Avrupa İnsan Hakları Sözleşmesi'ne vurgu
Avrupa İnsan Hakları Sözleşmesi'nde özel hayata, aile hayatına,
konuta ve haberleşmeye saygı hakkının düzenlendiği vurgulanan
dilekçede, Anayasa'nın ''Temel Hak ve Hürriyetlerin Niteliği''
başlıklı 12. maddesinde herkesin, kişiliğine bağlı, dokunulmaz,
devredilmez, vazgeçilmez temel hak ve hürriyetlere sahip olduğunun
belirtildiği anlatılan dilekçede şu ifadeler yer aldı:
''İletişimin tespiti, dinlenmesi ve kayda alınması' başlıklı bu
tarz dinlemelerin yapılabilmesi için, suç işlendiğine ilişkin
kuvvetli şüphe ile başka suretle delil elde edilmesi imkanın
bulunmaması durumu aranmıştır. Bunun yanı sıra telekomünikasyon
yolu ile iletişimin tespit edilmesine ilişkin kararı ile
olabileceği ve net şekilde belirtilmiştir. Aynı maddenin 3.

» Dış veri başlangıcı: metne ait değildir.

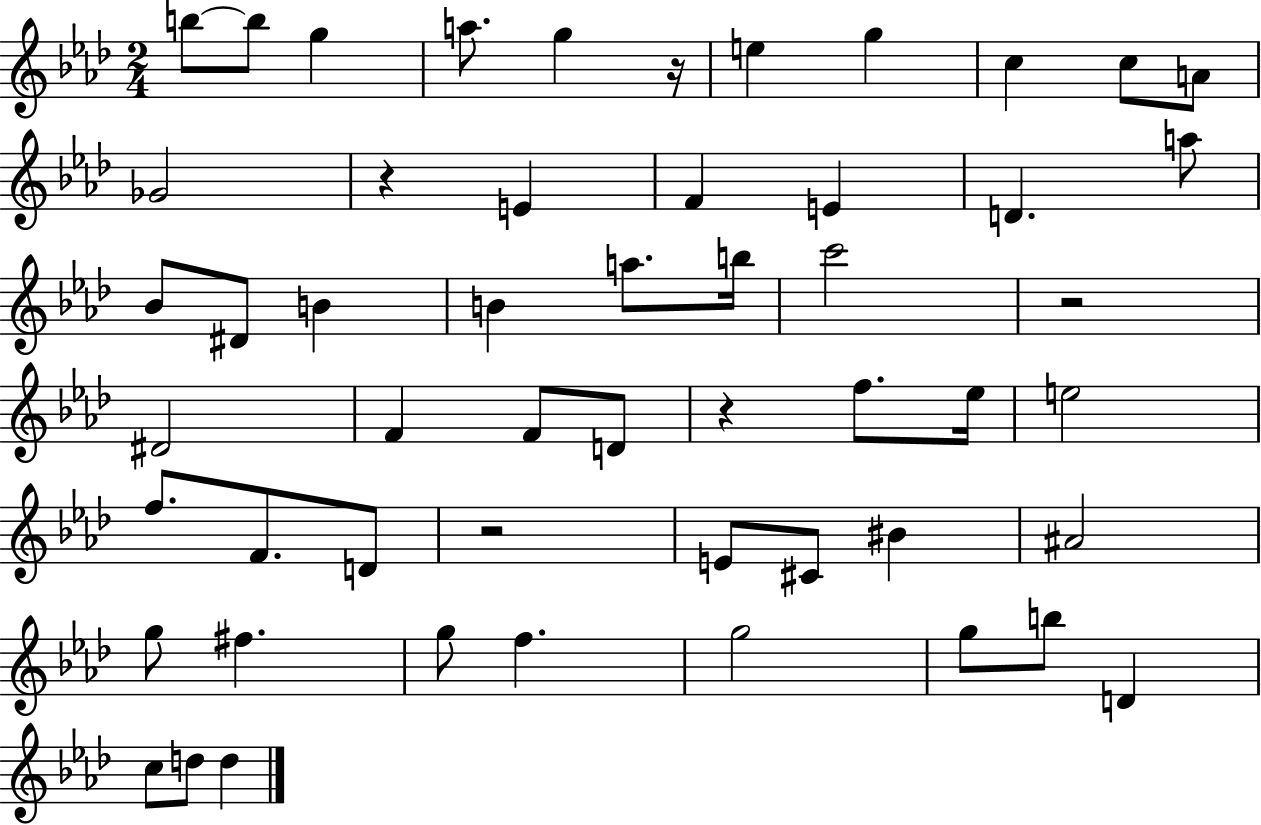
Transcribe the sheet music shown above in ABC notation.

X:1
T:Untitled
M:2/4
L:1/4
K:Ab
b/2 b/2 g a/2 g z/4 e g c c/2 A/2 _G2 z E F E D a/2 _B/2 ^D/2 B B a/2 b/4 c'2 z2 ^D2 F F/2 D/2 z f/2 _e/4 e2 f/2 F/2 D/2 z2 E/2 ^C/2 ^B ^A2 g/2 ^f g/2 f g2 g/2 b/2 D c/2 d/2 d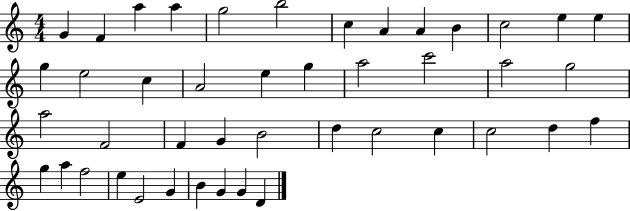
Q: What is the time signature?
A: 4/4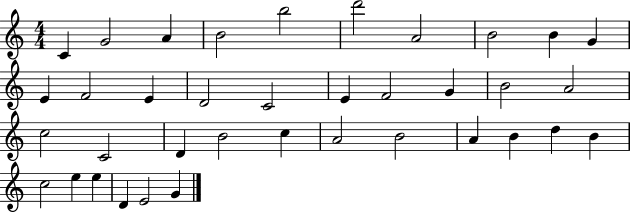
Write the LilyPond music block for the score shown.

{
  \clef treble
  \numericTimeSignature
  \time 4/4
  \key c \major
  c'4 g'2 a'4 | b'2 b''2 | d'''2 a'2 | b'2 b'4 g'4 | \break e'4 f'2 e'4 | d'2 c'2 | e'4 f'2 g'4 | b'2 a'2 | \break c''2 c'2 | d'4 b'2 c''4 | a'2 b'2 | a'4 b'4 d''4 b'4 | \break c''2 e''4 e''4 | d'4 e'2 g'4 | \bar "|."
}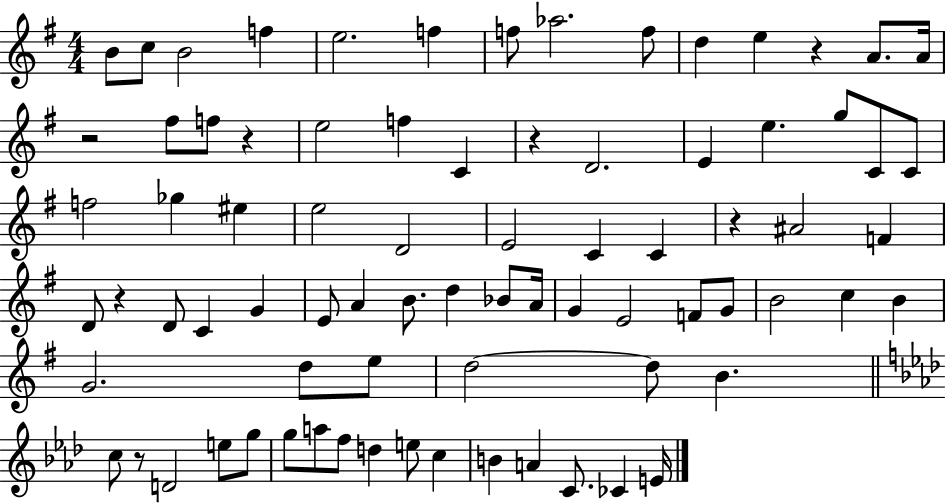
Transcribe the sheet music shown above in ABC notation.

X:1
T:Untitled
M:4/4
L:1/4
K:G
B/2 c/2 B2 f e2 f f/2 _a2 f/2 d e z A/2 A/4 z2 ^f/2 f/2 z e2 f C z D2 E e g/2 C/2 C/2 f2 _g ^e e2 D2 E2 C C z ^A2 F D/2 z D/2 C G E/2 A B/2 d _B/2 A/4 G E2 F/2 G/2 B2 c B G2 d/2 e/2 d2 d/2 B c/2 z/2 D2 e/2 g/2 g/2 a/2 f/2 d e/2 c B A C/2 _C E/4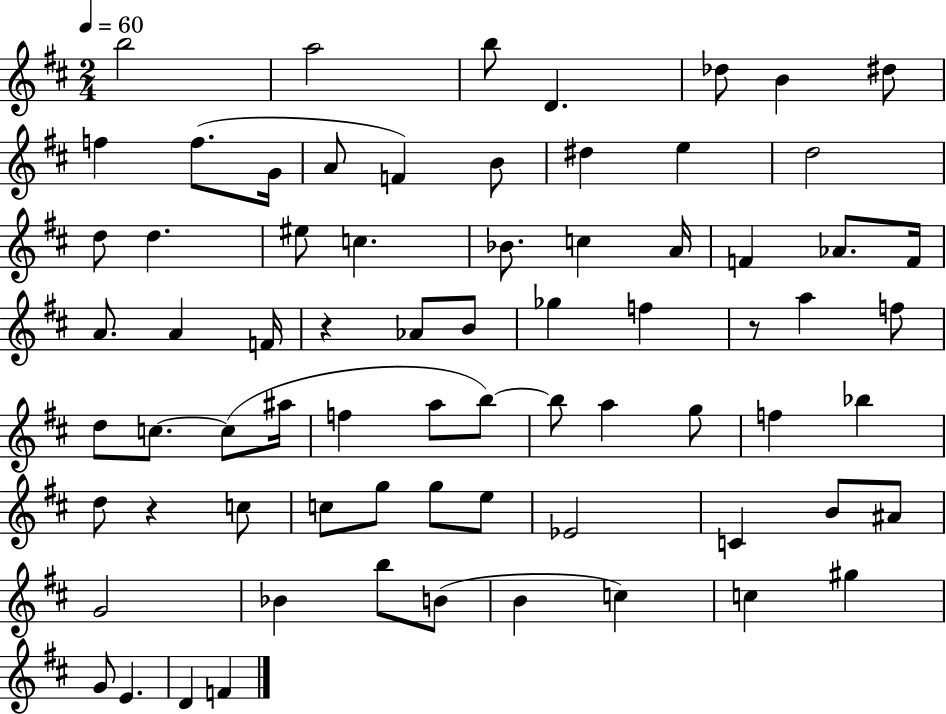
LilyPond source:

{
  \clef treble
  \numericTimeSignature
  \time 2/4
  \key d \major
  \tempo 4 = 60
  \repeat volta 2 { b''2 | a''2 | b''8 d'4. | des''8 b'4 dis''8 | \break f''4 f''8.( g'16 | a'8 f'4) b'8 | dis''4 e''4 | d''2 | \break d''8 d''4. | eis''8 c''4. | bes'8. c''4 a'16 | f'4 aes'8. f'16 | \break a'8. a'4 f'16 | r4 aes'8 b'8 | ges''4 f''4 | r8 a''4 f''8 | \break d''8 c''8.~~ c''8( ais''16 | f''4 a''8 b''8~~) | b''8 a''4 g''8 | f''4 bes''4 | \break d''8 r4 c''8 | c''8 g''8 g''8 e''8 | ees'2 | c'4 b'8 ais'8 | \break g'2 | bes'4 b''8 b'8( | b'4 c''4) | c''4 gis''4 | \break g'8 e'4. | d'4 f'4 | } \bar "|."
}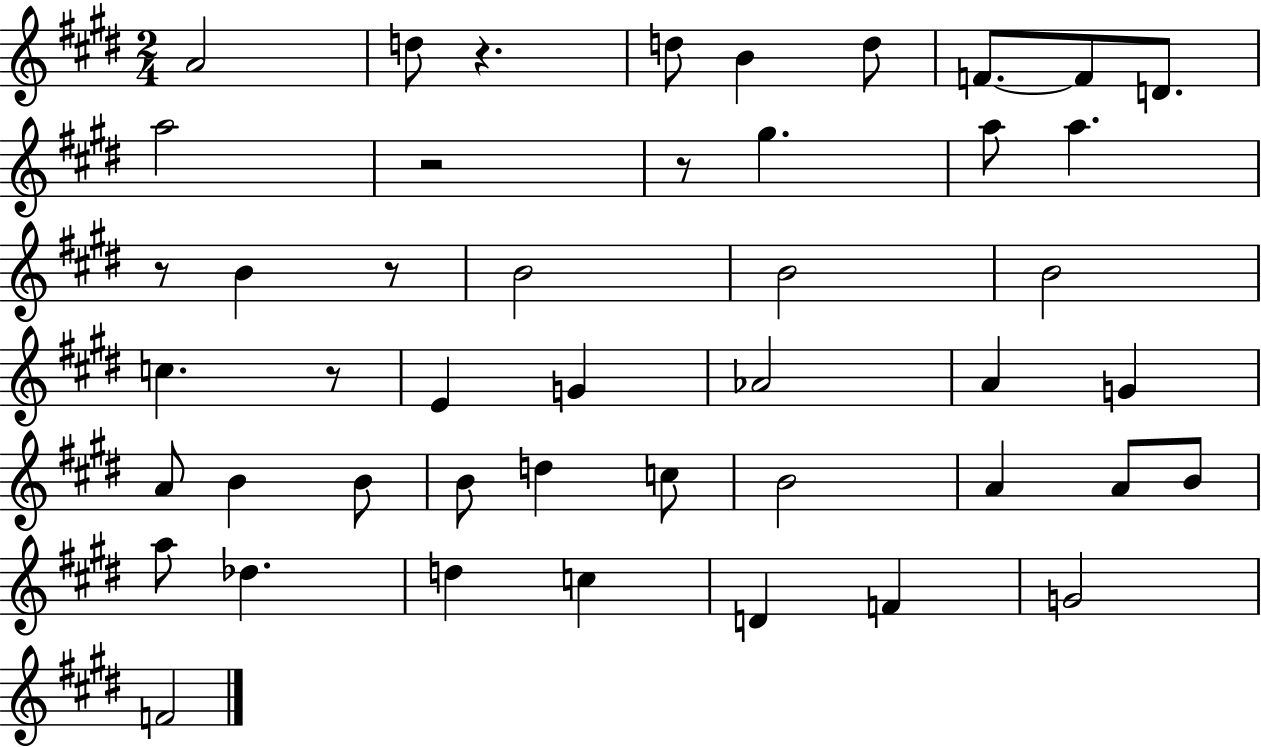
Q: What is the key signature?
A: E major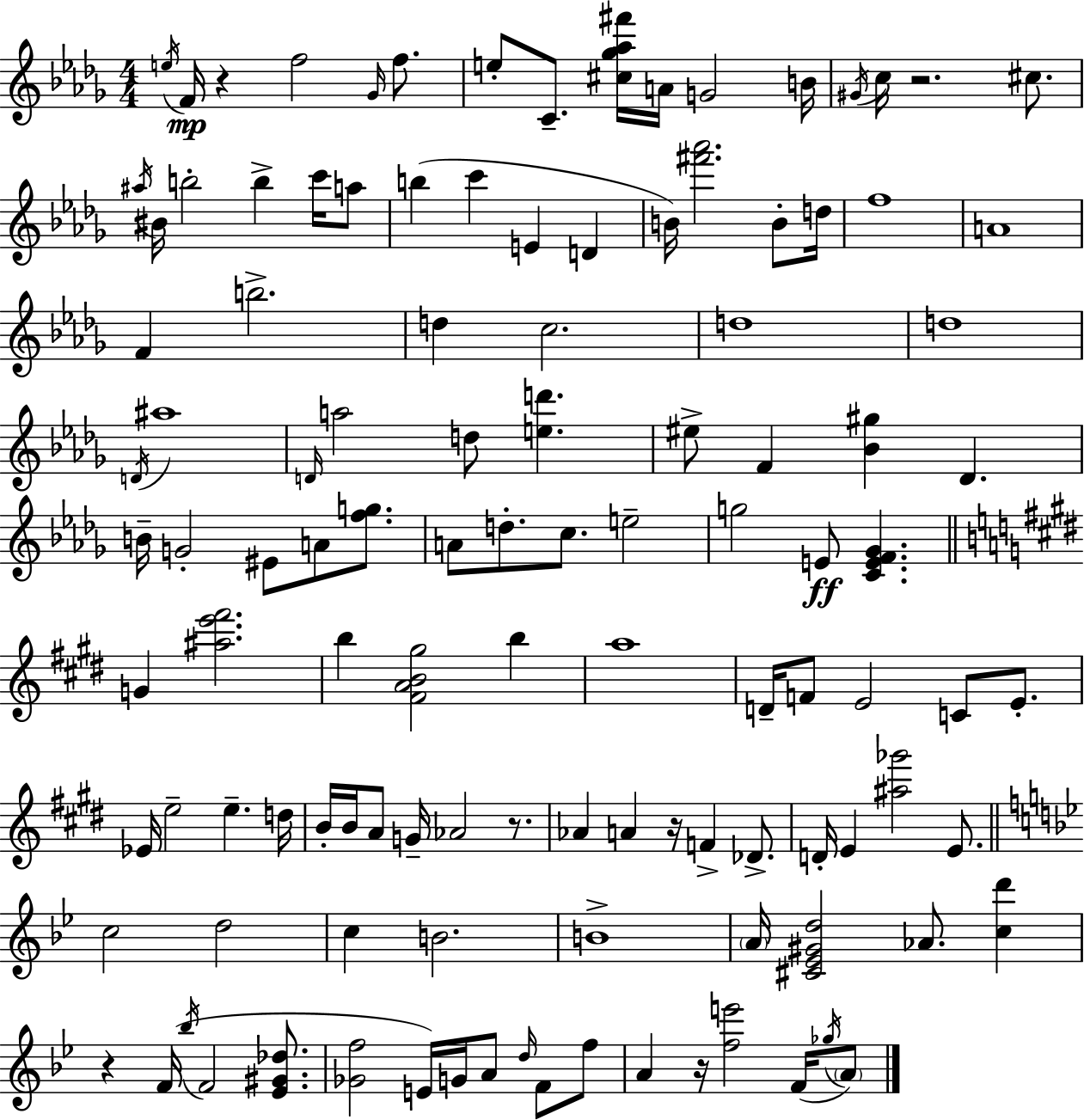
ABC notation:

X:1
T:Untitled
M:4/4
L:1/4
K:Bbm
e/4 F/4 z f2 _G/4 f/2 e/2 C/2 [^c_g_a^f']/4 A/4 G2 B/4 ^G/4 c/4 z2 ^c/2 ^a/4 ^B/4 b2 b c'/4 a/2 b c' E D B/4 [^f'_a']2 B/2 d/4 f4 A4 F b2 d c2 d4 d4 D/4 ^a4 D/4 a2 d/2 [ed'] ^e/2 F [_B^g] _D B/4 G2 ^E/2 A/2 [fg]/2 A/2 d/2 c/2 e2 g2 E/2 [CEF_G] G [^ae'^f']2 b [^FAB^g]2 b a4 D/4 F/2 E2 C/2 E/2 _E/4 e2 e d/4 B/4 B/4 A/2 G/4 _A2 z/2 _A A z/4 F _D/2 D/4 E [^a_g']2 E/2 c2 d2 c B2 B4 A/4 [^C_E^Gd]2 _A/2 [cd'] z F/4 _b/4 F2 [_E^G_d]/2 [_Gf]2 E/4 G/4 A/2 d/4 F/2 f/2 A z/4 [fe']2 F/4 _g/4 A/2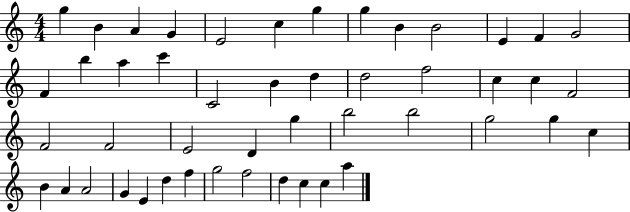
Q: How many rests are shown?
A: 0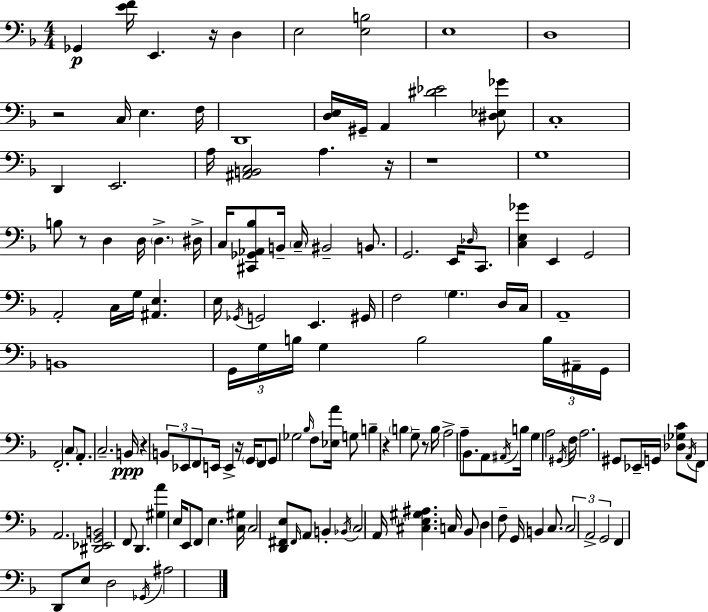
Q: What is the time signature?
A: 4/4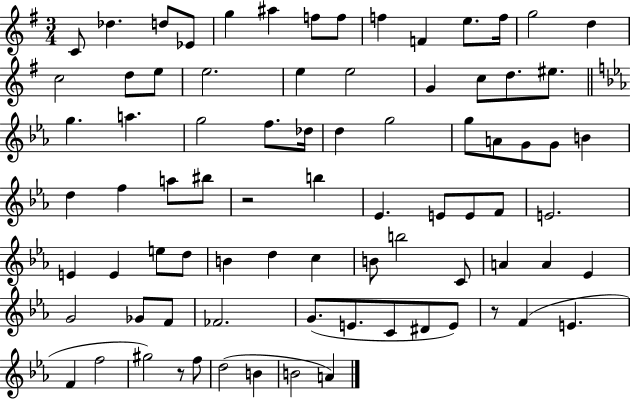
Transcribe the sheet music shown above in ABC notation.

X:1
T:Untitled
M:3/4
L:1/4
K:G
C/2 _d d/2 _E/2 g ^a f/2 f/2 f F e/2 f/4 g2 d c2 d/2 e/2 e2 e e2 G c/2 d/2 ^e/2 g a g2 f/2 _d/4 d g2 g/2 A/2 G/2 G/2 B d f a/2 ^b/2 z2 b _E E/2 E/2 F/2 E2 E E e/2 d/2 B d c B/2 b2 C/2 A A _E G2 _G/2 F/2 _F2 G/2 E/2 C/2 ^D/2 E/2 z/2 F E F f2 ^g2 z/2 f/2 d2 B B2 A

fıkrasında ise hakim tarafında verilecek kararda, yüklenen suçun
türü, hakkında tedbir uygulanacak kişinin kimliği, iletişim
aracının türü, telefon numarası, tedbirin türü, kapsamı ve süresi
belirtmek zorunda olduğu düzenlenmiştir.
Ancak tespit edildiği üzere bulunduğu makamı kötüye kullanıp
iletişimin tespiti için karar aldıran dönemin istihbarat şube
çalışanları, müvekkilimin herhangi bir suça konu fiili veya delil
elde etme zarureti hali oluşmamasına rağmen farklı amaçlara hizmet
eden adalet mensubu hakim veya savcılardan müvekkil için dinleme
kararı aldırmış ve müvekkilin iletişimine müdahale
edilmiştir.''
Öncelikle iddialar hakkında kapsamlı bir inceleme ve delil tespiti
yapılması, adı geçen soruşturma dosyalarının ve delillerin
toplanmasının talep edildiği dilekçede, tespit edilecek tüm
şüpheliler hakkında, ''görevi kötüye kullanma'', ''özel hayatın
gizliliğini ihlal'', ''kişisel verilerin kaydedilmesi'',
''iftira'', ''suç uydurma'' ve ''haberleşmenin gizliliğinin ihlal
edilmesi'' suçlarından kamu davası açılması ve bu şüphelilerin
cezalandırılması istendi.
1360 mağdurun ifadesi alınacak
İstanbul Cumhuriyet Başsavsılığı'nın 251 kişi hakkında yürütülen
Selam-Tevhid soruşturmasını, dinlemelerin yasadışı ve usulsüz
yapıldığı gerekçesiyle takipsizlikle sonuçlandırmasının ardından,
bununla ilgili başlatılan yeni soruşturma kapsamında, telefonu
dinlenilen veya dinlemelere takılan, aralarında başbakan, bakanlar,
danışmanlar, üst düzey bürokratik görevliler, siyasetçi, gazeteci
ve sivil toplum kuruluşu yöneticilerinin de bulunduğu bin 360
mağdurun ifadesi alınmaya başlandı.
Bu kapsamda Ekşi'nin yanı sıra, İnsani Yardım Derneği (İHH) Genel
Başkanı Bülent Yıldırım, yazar Mustafa İslamoğlu, Hilal Tv Genel
Yayın Yönetmeni Adnan İnanç, gazeteciler Kemal Gümüş ve Nurettin
Şirin'in de aralarında bulunduğu 30'u aşkın mağdurun ifadesine
başvurulduğu öğrenildi.
Başsavcılıkça yürütülen adli soruşturma dışında, takipsizlikle
sonuçlanan "Tevhid-Selam" soruşturmasını yürüten dönemin savcıları
hakkında, Hakimler ve Savcılar Yüksek Kurulu'na (HSYK) yapılan
şikayetler üzerine, HSYK müfettişlerinin de tüm mağdurların
bilgisine başvuracağı dile getirildi.